* **TASK BRIEF**
From the data that follows, set down exactly the lines from the one with "Solve how to" through the one with "And it will", counting both. Pictures stay out.

* **EXTRACTED INFORMATION**

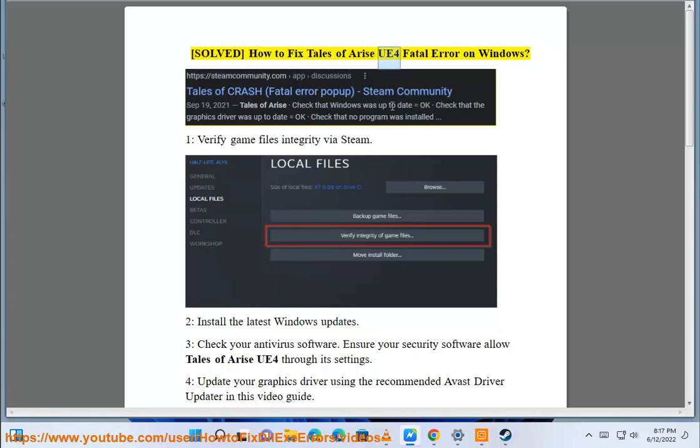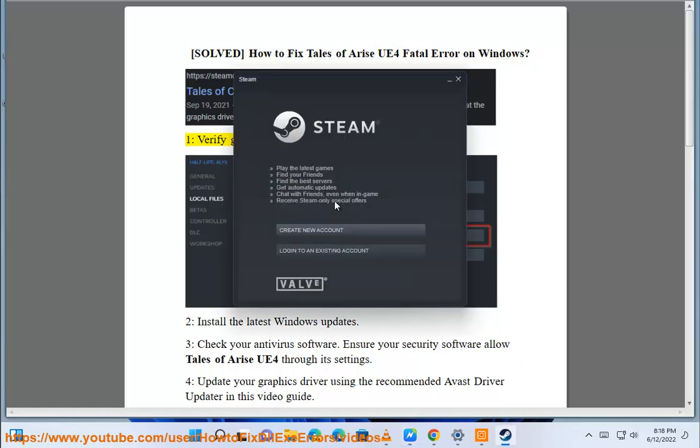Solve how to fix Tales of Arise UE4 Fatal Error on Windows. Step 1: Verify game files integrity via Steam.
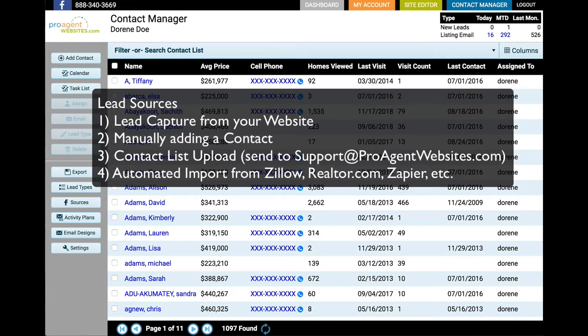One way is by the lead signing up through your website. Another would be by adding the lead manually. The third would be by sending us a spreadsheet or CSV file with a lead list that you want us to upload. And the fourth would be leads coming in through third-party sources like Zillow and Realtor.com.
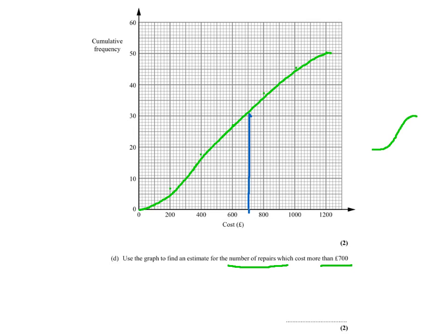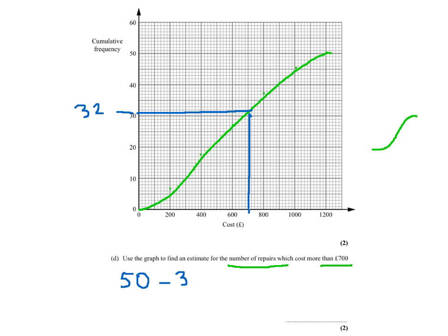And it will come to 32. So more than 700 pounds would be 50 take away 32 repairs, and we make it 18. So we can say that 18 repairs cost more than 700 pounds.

...

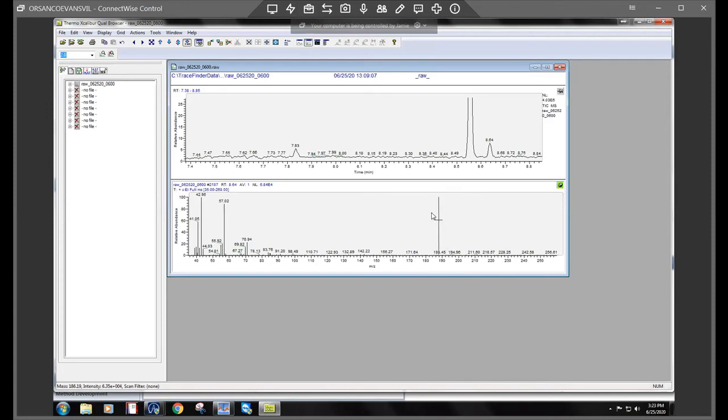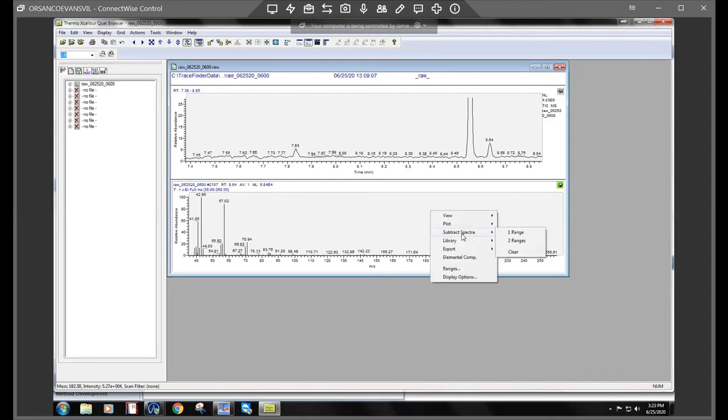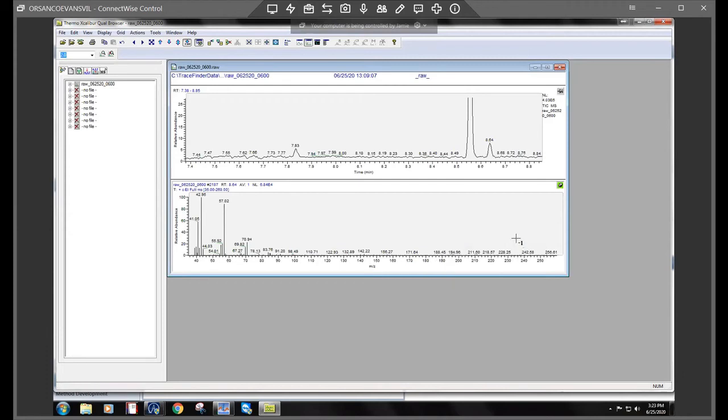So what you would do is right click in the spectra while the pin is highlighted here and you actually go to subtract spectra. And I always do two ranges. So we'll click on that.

* * *

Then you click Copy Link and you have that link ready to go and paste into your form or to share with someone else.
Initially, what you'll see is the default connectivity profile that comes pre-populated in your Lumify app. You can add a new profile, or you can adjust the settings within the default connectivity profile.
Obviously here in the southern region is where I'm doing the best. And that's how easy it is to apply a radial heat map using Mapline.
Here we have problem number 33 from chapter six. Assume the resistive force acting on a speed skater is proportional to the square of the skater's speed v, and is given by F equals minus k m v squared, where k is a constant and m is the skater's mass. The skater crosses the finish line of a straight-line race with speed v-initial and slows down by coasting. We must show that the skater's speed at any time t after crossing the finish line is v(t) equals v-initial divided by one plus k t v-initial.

* **ANSWER SPACE**
Solve how to fix Tales of Arise UE4 Fatal Error on Windows. Step 1: Verify game files integrity via Steam.
One way is by the lead signing up through your website. Another would be by adding the lead manually. The third would be by sending us a spreadsheet or CSV file with a lead list that you want us to upload. And the fourth would be leads coming in through third-party sources like Zillow and Realtor.com.
And it will come to 32. So more than 700 pounds would be 50 take away 32 repairs, and we make it 18. So we can say that 18 repairs cost more than 700 pounds.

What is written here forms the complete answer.